Begin at the line below that has "Building Photo - 537 Woodview Dr". Stop after the line that has "Used 2026 Chevrolet", repeating each line exactly and leaving out the pictures.
━━━━━ PROVIDED INFORMATION ━━━━━
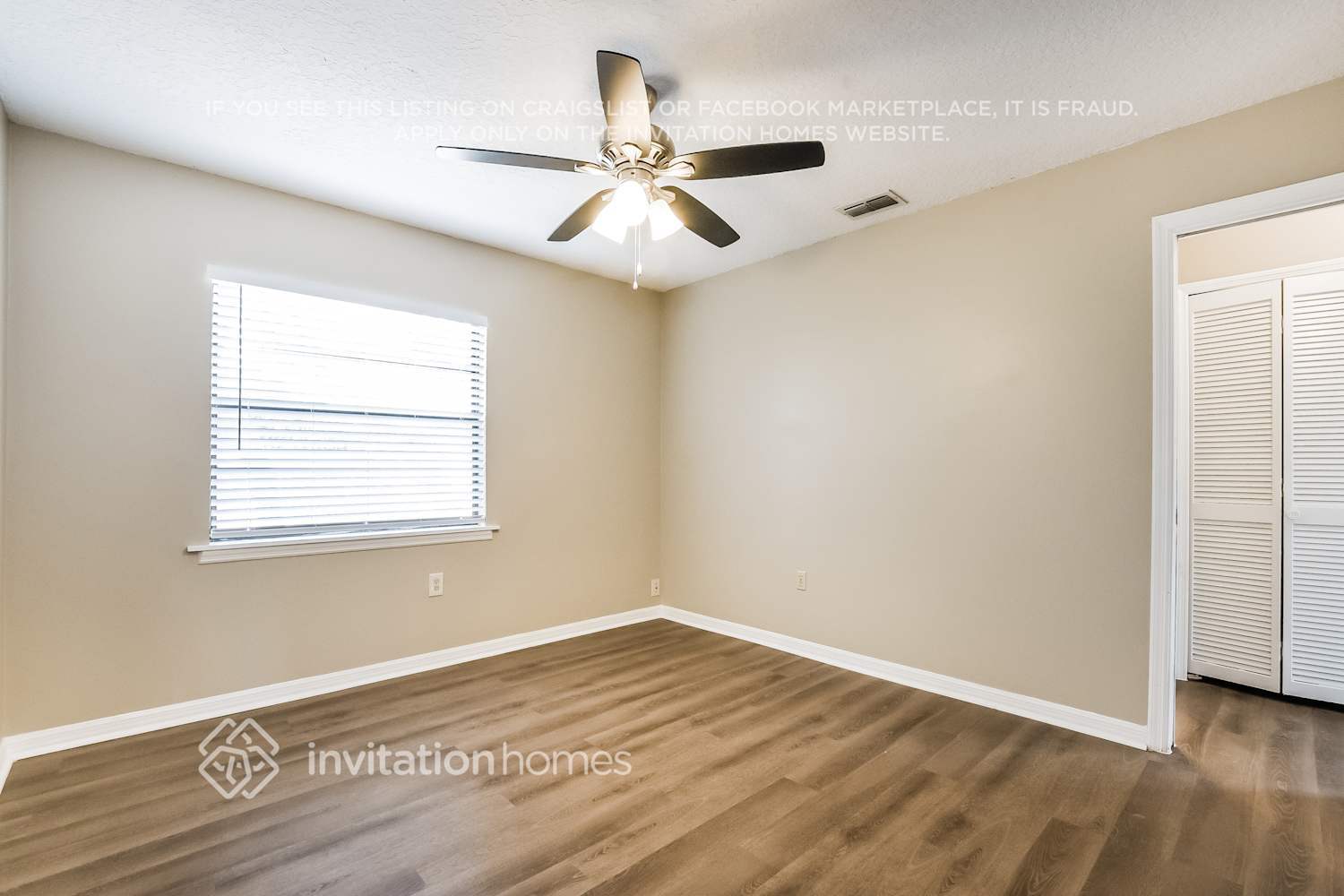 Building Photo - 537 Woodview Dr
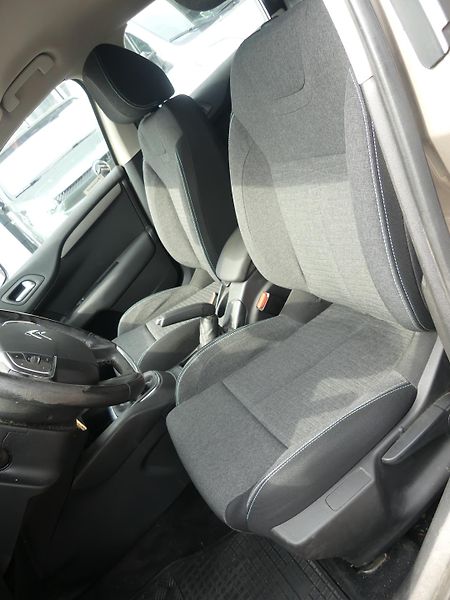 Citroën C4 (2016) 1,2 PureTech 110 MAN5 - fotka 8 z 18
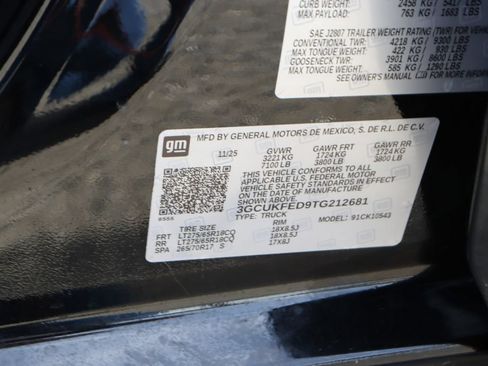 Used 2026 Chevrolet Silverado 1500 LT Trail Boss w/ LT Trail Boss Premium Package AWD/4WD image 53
━━━━━
━━━━━ PROVIDED INFORMATION ━━━━━
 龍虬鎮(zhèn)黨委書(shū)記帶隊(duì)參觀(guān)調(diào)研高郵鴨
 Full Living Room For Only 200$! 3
━━━━━
--- REPLY TO THE EXERCISE ---
 Building Photo - 537 Woodview Dr
 Citroën C4 (2016) 1,2 PureTech 110 MAN5 - fotka 8 z 18
 Used 2026 Chevrolet Silverado 1500 LT Trail Boss w/ LT Trail Boss Premium Package AWD/4WD image 53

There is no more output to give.